### Directions
The records below are to be set down again exactly, with the pictures left out.

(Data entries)
*** Block opens ***

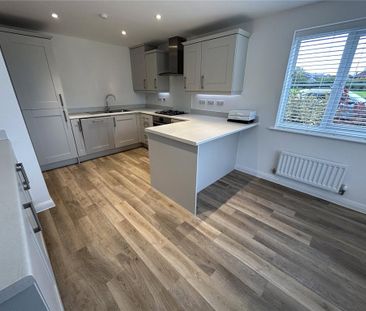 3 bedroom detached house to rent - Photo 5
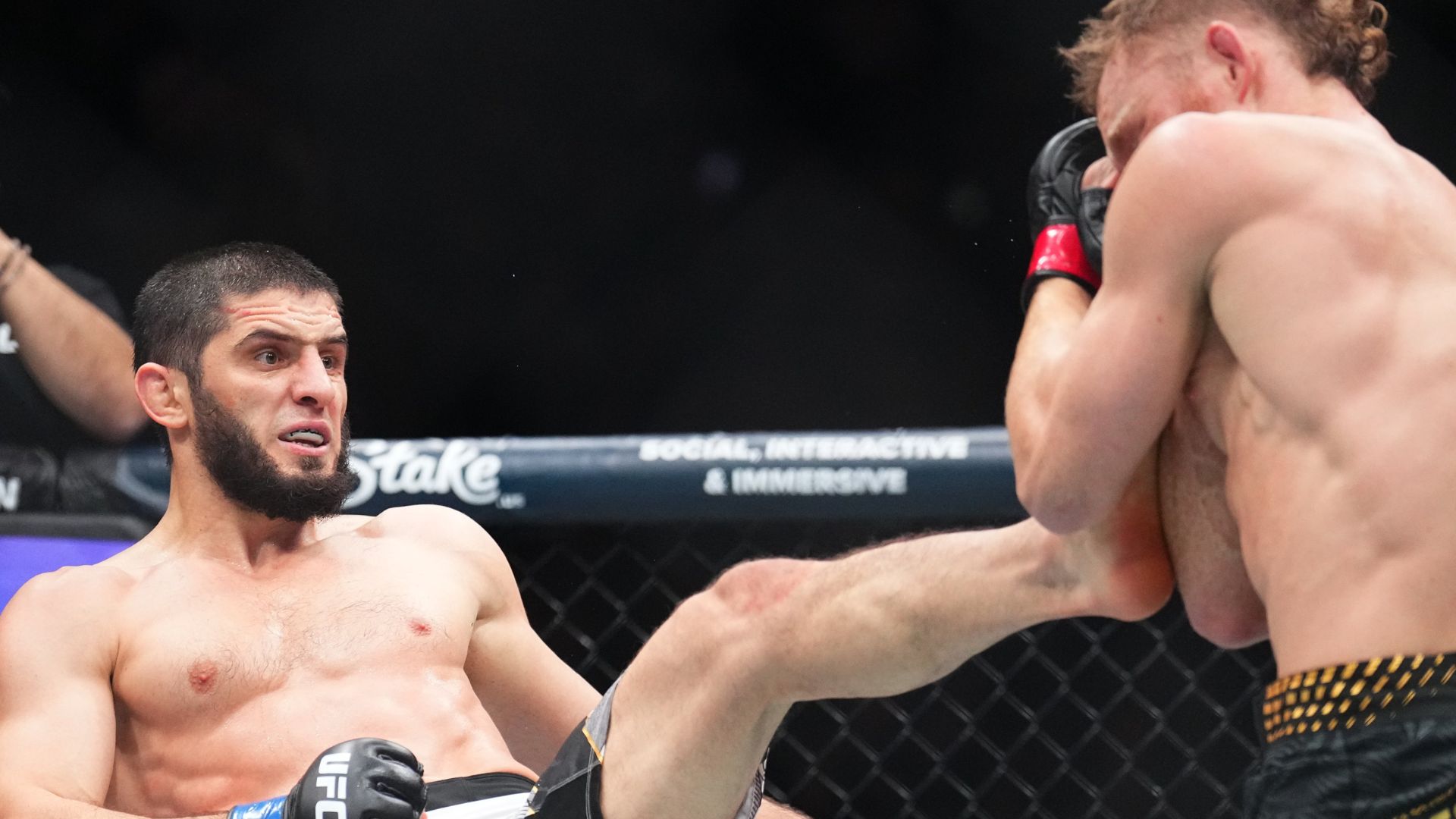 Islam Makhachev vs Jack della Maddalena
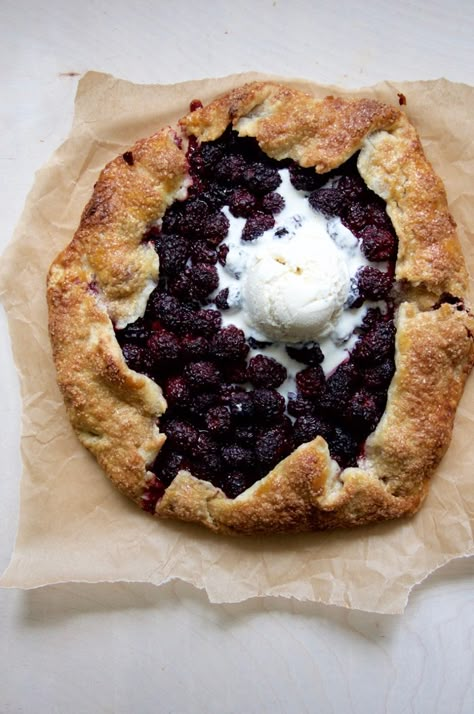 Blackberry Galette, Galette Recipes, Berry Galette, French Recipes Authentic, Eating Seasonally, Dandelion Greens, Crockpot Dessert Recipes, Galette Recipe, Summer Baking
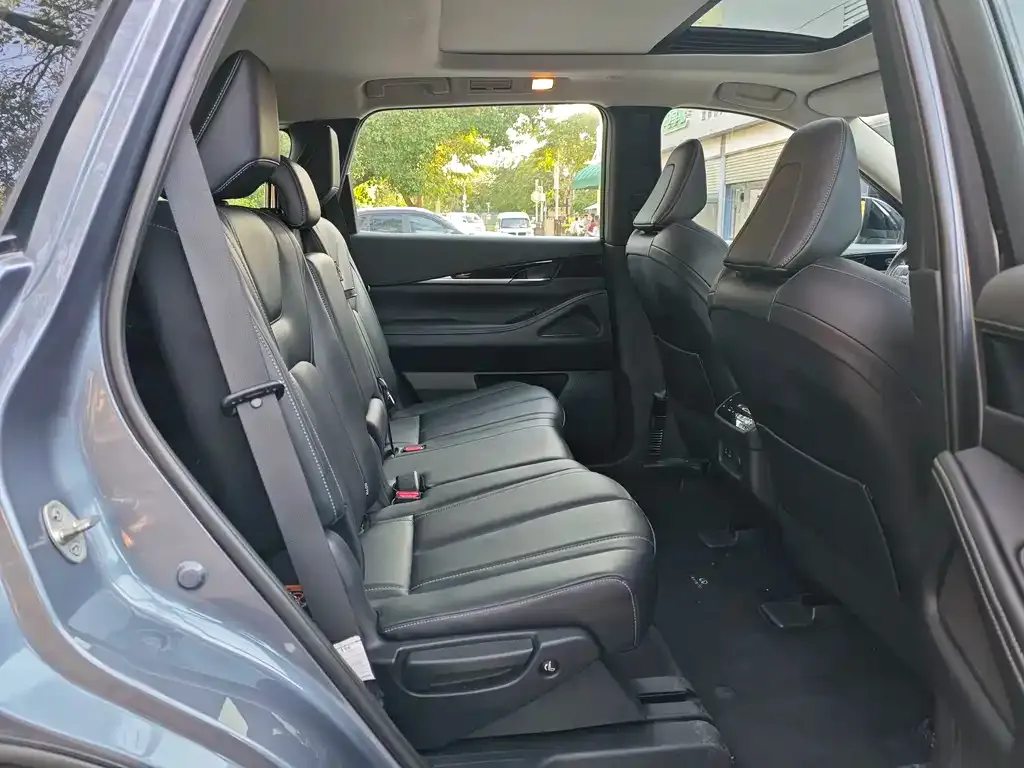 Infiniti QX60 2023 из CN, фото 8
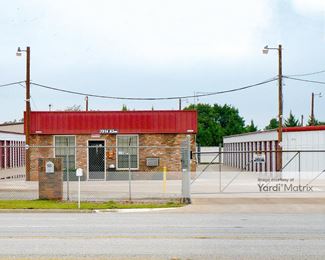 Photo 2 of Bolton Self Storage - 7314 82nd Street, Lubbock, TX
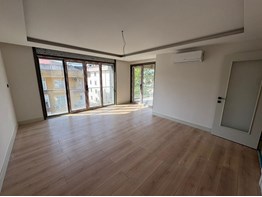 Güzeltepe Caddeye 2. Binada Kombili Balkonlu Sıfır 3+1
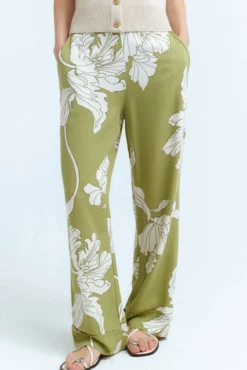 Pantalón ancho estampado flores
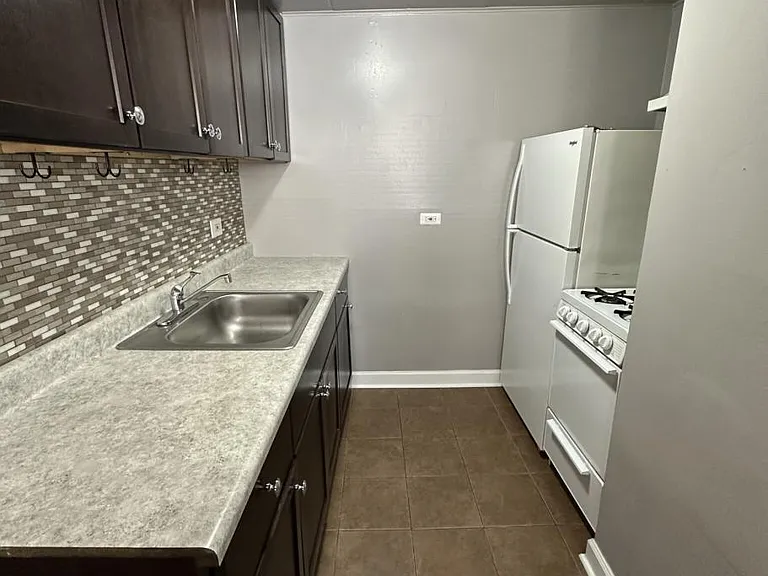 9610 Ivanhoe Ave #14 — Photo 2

*** Block closes ***

### Result of the task
 3 bedroom detached house to rent - Photo 5
 Islam Makhachev vs Jack della Maddalena
 Blackberry Galette, Galette Recipes, Berry Galette, French Recipes Authentic, Eating Seasonally, Dandelion Greens, Crockpot Dessert Recipes, Galette Recipe, Summer Baking
 Infiniti QX60 2023 из CN, фото 8
 Photo 2 of Bolton Self Storage - 7314 82nd Street, Lubbock, TX
 Güzeltepe Caddeye 2. Binada Kombili Balkonlu Sıfır 3+1
 Pantalón ancho estampado flores
 9610 Ivanhoe Ave #14 — Photo 2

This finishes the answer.